Naamsa The Automotive Business Council has voiced its concern over the recent announcement by U.S. President Donald Trump introducing additional tariffs on all imported products to the world’s biggest economy.
The announcement contained a 30% tariff on all South African products exported to the United States, as well as a 25% tariff on vehicles and automotive products produced outside the Western country.
While Trump has since paused the implementation of these tariffs for 90 days, fears remain that they could wreak havoc on the local automotive manufacturing sector should they be applied unchanged.
“While we hope the South African government will activate all available diplomatic channels with the Trump administration, these recent announcements are yet another challenge to a sector already grappling with multiple headwinds,” said Naamsa.
It expressed that the proposed tariffs can’t be absorbed by manufacturers as their margins are already stretched as is.
This will result in additional costs for US consumers and a reduced choice of South African-made products.
“Urgent trade discussions must be initiated and prioritised and this is why we urge the South African government to continue negotiating and delivering solutions that supports job creation, consumer demand, and economic growth,” said Naamsa.
“These tariff decisions, seen as part of a broader shift toward reciprocal tariffs, threatens to disrupt South Africa’s automotive exports and undermine our longstanding trade relationship with the US.”
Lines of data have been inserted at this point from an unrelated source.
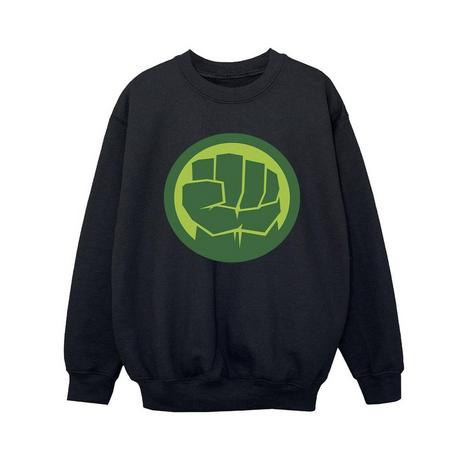 MARVEL  Sweatshirt 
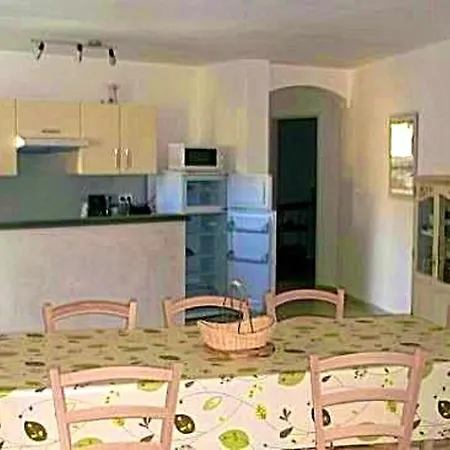 Maison Confortable Avec Vue Sur La Et La Montagne A Oletta. *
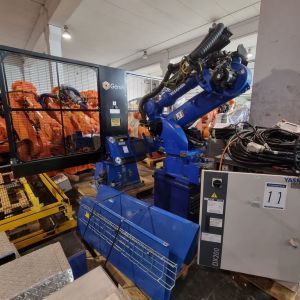 ROBOT MOTOMAN YASKAWA MH225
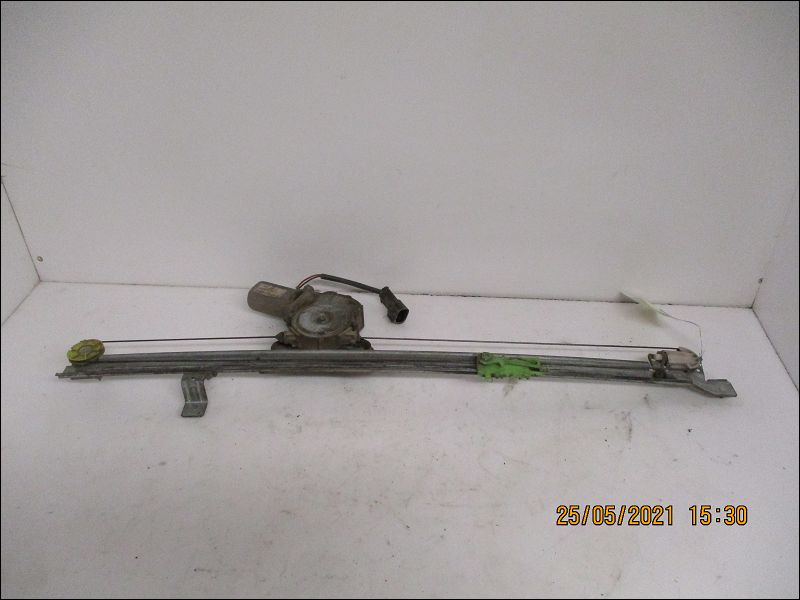 FIAT-MECANISME+MOTEUR LEVE-GLACE AVD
The US is the third-largest destination for South African automotive exports, with approximately R35-billion worth of vehicles shipped in 2024, accounting for 6.5% of total vehicle exports.
The proposed 25% tariff increase will severely impact local manufacturers operating in South Africa, including BMW, Ford, Isuzu, Mercedes-Benz, Nissan, Toyota, and VW.
South Africa is also the largest producer of catalytic converters globally, a good portion of which are earmarked for the States.
Speaking at the sidelines of the Gauteng Investment Conference in Johannesburg earlier this month, Naamsa CEO Mikel Mabasa warned that the US move could have serious implications for jobs and investment in South Africa’s automotive sector.
“The US decision to impose these tariffs undermines existing trade agreements and the principles of a fair, rules-based trading system,” said Mabasa.
“The South African auto industry contributes significantly to economic development, employment, and industrialisation, and these tariffs could undermine our progress.”
The Department of Trade, Industry, and Competition (DTIC) has confirmed that it will seek an audience with the US presidency to discuss the new tariffs and the potential consequences they could have on our vehicle sector.
Looking elsewhere

One way South Africa could soften the blow of the impending tariffs is to look elsewhere for countries that are willing to purchase locally made goods.
This is the view of auto industry veteran Kriben Reddy, which urged government to look for new markets for the country’s automotive exports that will be impacted by the US trade war.
He highlighted that due to South Africa’s extensive infrastructure for automotive manufacturing, it is “primed to be competitive in other export markets.”
He referred to countries such as China and India, whose volumes have surpassed most all major vehicle export economies in recent years including the US.
They achieved these impressive feats partly through focusing their attention on markets in Africa, Asia, the Middle East, and Latin America.
Meanwhile, Naamsa’s Mabasa said that South Africa could respond in kind to the US should it forge ahead with the punitive tariffs.
“The challenge for the United States, that they need to carefully look at, is the fact that a lot of African countries including South Africa have a lot of mineral resources that they actually need in order for them to produce their vehicles,” said Mabasa in an interview on 702 radio station.
“So, if they hurt us quite significantly, we are obviously going to lobby and appeal to our government in South Africa and the rest of the continent to reciprocate in kind.”
This may see the minerals being purchased by the United States from African nations being subjected to equal or higher tariffs.